In November 2016, Christine Ryan, from the Stanford Cancer Center at Stanford University School of Medicine, and colleagues recently published in Blood the results of a trial evaluating the efficacy of ibrutinib in the treatment of R/R CLL following allogenic Hematopoietic Cell Transplantation (alloHCT) in 27 patients. Dosage was 420mg ibrutinib daily, except for two pts in the multi-center cohort who received double doses.

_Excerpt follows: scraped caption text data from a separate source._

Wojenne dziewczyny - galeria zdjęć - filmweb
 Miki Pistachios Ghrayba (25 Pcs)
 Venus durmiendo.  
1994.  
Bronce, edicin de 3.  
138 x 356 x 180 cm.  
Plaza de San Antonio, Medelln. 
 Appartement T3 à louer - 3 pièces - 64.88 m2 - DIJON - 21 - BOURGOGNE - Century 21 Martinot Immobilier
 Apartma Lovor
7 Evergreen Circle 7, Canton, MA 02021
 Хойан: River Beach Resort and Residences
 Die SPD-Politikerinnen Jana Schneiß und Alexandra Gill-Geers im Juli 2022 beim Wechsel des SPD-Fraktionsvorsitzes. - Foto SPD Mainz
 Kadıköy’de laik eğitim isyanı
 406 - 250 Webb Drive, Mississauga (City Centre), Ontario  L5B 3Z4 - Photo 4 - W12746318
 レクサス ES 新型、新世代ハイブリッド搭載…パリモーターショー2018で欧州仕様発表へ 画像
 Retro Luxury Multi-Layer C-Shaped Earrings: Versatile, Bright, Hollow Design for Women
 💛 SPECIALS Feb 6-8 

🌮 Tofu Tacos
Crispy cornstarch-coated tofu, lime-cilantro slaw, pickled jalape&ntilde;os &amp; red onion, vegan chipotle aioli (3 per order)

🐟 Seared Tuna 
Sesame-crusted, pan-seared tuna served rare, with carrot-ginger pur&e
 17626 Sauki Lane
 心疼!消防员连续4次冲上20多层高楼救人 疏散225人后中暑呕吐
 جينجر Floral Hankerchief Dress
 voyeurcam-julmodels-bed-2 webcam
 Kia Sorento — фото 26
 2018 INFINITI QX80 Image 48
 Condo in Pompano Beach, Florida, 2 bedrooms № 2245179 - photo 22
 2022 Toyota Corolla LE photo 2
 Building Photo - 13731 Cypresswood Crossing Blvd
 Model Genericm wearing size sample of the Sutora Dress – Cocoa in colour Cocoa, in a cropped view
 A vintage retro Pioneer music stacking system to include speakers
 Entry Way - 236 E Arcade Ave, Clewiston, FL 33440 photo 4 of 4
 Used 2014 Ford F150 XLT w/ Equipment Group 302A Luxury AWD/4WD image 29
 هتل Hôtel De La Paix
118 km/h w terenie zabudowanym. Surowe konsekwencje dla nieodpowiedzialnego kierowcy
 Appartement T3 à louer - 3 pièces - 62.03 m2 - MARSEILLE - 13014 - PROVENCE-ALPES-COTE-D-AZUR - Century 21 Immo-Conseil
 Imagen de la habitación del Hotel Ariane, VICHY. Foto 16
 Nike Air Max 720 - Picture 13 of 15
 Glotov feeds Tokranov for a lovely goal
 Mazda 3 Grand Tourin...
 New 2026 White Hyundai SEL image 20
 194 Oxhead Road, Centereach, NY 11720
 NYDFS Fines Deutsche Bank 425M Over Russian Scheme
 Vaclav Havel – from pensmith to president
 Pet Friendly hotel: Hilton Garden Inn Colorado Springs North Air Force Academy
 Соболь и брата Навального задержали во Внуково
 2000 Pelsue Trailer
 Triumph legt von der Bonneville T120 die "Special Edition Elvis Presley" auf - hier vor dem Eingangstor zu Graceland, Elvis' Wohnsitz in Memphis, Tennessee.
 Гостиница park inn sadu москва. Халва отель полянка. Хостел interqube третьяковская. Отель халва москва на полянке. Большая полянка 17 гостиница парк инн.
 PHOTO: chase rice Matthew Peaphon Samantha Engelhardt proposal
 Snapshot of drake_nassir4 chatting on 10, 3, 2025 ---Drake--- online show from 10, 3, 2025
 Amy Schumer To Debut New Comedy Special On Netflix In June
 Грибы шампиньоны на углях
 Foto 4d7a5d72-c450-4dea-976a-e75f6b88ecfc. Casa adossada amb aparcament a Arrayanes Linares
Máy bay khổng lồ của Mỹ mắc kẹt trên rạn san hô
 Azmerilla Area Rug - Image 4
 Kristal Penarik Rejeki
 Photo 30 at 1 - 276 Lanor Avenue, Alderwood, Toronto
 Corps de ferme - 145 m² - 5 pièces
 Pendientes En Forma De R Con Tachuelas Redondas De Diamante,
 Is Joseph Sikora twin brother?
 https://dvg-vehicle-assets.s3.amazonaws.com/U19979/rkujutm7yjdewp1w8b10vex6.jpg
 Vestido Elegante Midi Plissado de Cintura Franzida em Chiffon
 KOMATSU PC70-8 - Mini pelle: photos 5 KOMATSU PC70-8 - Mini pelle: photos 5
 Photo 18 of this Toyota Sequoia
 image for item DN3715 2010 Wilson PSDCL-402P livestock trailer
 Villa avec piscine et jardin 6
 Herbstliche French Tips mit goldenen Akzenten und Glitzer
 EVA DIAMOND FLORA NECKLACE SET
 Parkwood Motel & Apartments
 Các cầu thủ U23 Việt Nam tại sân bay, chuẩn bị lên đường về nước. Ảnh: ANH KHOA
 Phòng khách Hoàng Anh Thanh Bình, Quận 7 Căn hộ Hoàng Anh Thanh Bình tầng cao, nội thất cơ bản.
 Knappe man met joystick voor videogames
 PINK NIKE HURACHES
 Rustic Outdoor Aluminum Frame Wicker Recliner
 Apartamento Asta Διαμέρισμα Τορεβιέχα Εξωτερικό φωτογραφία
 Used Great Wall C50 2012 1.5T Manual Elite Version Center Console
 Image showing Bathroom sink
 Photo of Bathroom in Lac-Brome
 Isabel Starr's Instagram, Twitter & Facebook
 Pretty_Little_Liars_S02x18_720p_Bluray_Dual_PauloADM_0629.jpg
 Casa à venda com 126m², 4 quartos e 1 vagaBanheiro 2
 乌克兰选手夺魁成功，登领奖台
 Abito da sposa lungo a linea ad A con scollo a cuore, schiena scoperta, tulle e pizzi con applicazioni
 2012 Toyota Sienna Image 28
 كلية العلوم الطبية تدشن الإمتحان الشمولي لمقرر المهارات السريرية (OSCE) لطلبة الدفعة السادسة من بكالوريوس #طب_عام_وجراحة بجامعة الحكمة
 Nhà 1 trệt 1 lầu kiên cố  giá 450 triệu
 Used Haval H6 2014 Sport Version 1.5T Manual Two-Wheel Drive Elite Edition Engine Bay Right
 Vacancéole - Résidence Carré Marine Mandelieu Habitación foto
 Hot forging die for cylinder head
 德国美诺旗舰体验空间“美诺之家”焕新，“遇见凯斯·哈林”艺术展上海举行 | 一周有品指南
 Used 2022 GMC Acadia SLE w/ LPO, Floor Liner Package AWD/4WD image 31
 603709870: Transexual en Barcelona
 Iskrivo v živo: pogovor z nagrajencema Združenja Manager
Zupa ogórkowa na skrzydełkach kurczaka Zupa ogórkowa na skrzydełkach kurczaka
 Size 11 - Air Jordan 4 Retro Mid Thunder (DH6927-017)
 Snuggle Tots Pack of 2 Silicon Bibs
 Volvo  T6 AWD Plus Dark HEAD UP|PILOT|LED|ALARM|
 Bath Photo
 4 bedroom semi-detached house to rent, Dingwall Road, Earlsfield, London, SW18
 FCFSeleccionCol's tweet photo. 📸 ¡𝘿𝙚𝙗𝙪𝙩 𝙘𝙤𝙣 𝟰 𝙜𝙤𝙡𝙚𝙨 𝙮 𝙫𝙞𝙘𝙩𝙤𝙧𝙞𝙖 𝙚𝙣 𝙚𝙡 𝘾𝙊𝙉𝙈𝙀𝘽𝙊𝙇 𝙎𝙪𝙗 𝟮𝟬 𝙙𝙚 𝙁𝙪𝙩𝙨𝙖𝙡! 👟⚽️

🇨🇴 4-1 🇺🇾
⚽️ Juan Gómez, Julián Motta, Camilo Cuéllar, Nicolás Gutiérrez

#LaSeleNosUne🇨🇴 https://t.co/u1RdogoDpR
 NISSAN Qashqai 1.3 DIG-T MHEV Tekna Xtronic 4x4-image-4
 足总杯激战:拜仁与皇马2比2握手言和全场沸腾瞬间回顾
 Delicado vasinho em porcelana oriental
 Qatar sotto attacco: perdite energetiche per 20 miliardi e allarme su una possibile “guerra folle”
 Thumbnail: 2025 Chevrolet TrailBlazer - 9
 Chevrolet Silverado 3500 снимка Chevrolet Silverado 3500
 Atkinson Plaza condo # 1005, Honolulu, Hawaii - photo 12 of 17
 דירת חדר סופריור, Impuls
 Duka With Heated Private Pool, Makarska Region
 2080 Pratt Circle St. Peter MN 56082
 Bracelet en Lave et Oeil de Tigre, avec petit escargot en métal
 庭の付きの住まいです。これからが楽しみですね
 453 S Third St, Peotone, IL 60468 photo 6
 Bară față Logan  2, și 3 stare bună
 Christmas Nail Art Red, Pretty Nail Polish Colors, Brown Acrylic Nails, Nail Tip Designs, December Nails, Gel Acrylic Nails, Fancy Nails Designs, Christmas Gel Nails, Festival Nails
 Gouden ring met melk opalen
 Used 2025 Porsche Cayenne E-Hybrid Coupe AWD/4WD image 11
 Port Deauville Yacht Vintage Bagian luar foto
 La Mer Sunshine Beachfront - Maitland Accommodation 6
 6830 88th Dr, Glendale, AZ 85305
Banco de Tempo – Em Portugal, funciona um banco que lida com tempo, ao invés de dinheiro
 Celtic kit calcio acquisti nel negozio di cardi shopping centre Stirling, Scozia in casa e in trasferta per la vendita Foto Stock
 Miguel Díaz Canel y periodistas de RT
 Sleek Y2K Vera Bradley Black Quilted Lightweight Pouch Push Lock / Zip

The key highlights were:
- 16 pts in multi-center clinical trial cohort:
- 10 pts del17p, 3 pts del11q chromosomal abnormality
- Average ibrutinib start 27 months after alloHCT
- ORR=87.5%. CR=2pts, PR=10pts
- 24-month PFS=77%, OS=75%
- Most common AE: Diarrhea (11pts)
- Treatment-related severe AEs (≥ grade 3): 12 pts
- 2 deaths due to progression, 2 deaths from AEs (pneumonia)
- 11 pts from Stanford University cohort:
- 4 pts del17p, 4 pts del11q chromosomal abnormality
- Multi-center cohort: ORR=87.5%
- Average ibrutinib start 73.4 months after alloHCT
- ORR=91%, CR=7pts, PR=3pts
- Treatment depleted Th2 helper cells and pre-germinal center B-cells (n=10)
- Lymph node size reduction of 73% (n=8)
- MRD negativity was achieved in 36% pts that persisted after treatment end (n=11)
- Of the 27 patients who undertook ibrutinib initiation, none developed GVHD
Ryan et al. concluded that ibrutinib was shown to be effective and well tolerated in the treatment of R/R CLL patients after alloHCT, and that MRD negativity was achieved without developing GVHD. Some positive effects of treatment persisted after discontinuation of ibrutinib, however more work will need to be done with a larger sample size to confirm these results.
Ibrutinib, a potent and irreversible small molecule inhibitor of both Bruton's tyrosine kinase (BTK) and interleukin-2 inducible kinase (ITK), has been used to treat relapsed/refractory chronic lymphocytic leukemia (CLL) with prolongation of progression-free and overall survival. Here we present 27 patients with relapsed CLL following allogeneic hematopoietic cell transplantation who subsequently received ibrutinib salvage therapy. Sixteen of these patients were part of multi-institutional clinical trials and achieved an overall response rate of 87.5%. An additional 11 patients were treated at Stanford University following FDA approval of ibrutinib; seven (64%) achieved a complete response, and three (27%) achieved a partial response. Of the nine patients treated at Stanford who had mixed chimerism-associated CLL relapse, four (44%) converted to full donor chimerism following ibrutinib initiation, in association with disease response. Four of eleven (36%) patients evaluated by ClonoSeq™ achieved minimal residual disease (MRD) negativity with CLL <1/10,000 WBC, which persisted even after ibrutinib was discontinued, in one case even after 26 months. None of the 27 patients developed graft-versus-host-disease (GVHD) following Ibrutinib initiation. We postulate that ibrutinib augments graft-versus-leukemia (GVL) benefit through a T cell-mediated effect, most likely due to ITK inhibition. To investigate the immune modulatory effects of ibrutinib, we completed comprehensive immune phenotype characterization of peripheral B and T cells from treated patients. Our results show that ibrutinib selectively targets pre-germinal B cells and depletes Th2 helper cells. Furthermore, these effects persisted after drug discontinuation. In total, our results provide evidence that ibrutinib effectively augments GVL without causing GVHD.
- Ryan C.E. et al. Ibrutinib efficacy and tolerability in patients with relapsed chronic lymphocytic leukemia following allogeneic HCT. Blood. 2016 Nov 1. doi: 10.1182/blood-2016-06-715284. [Epub ahead of print].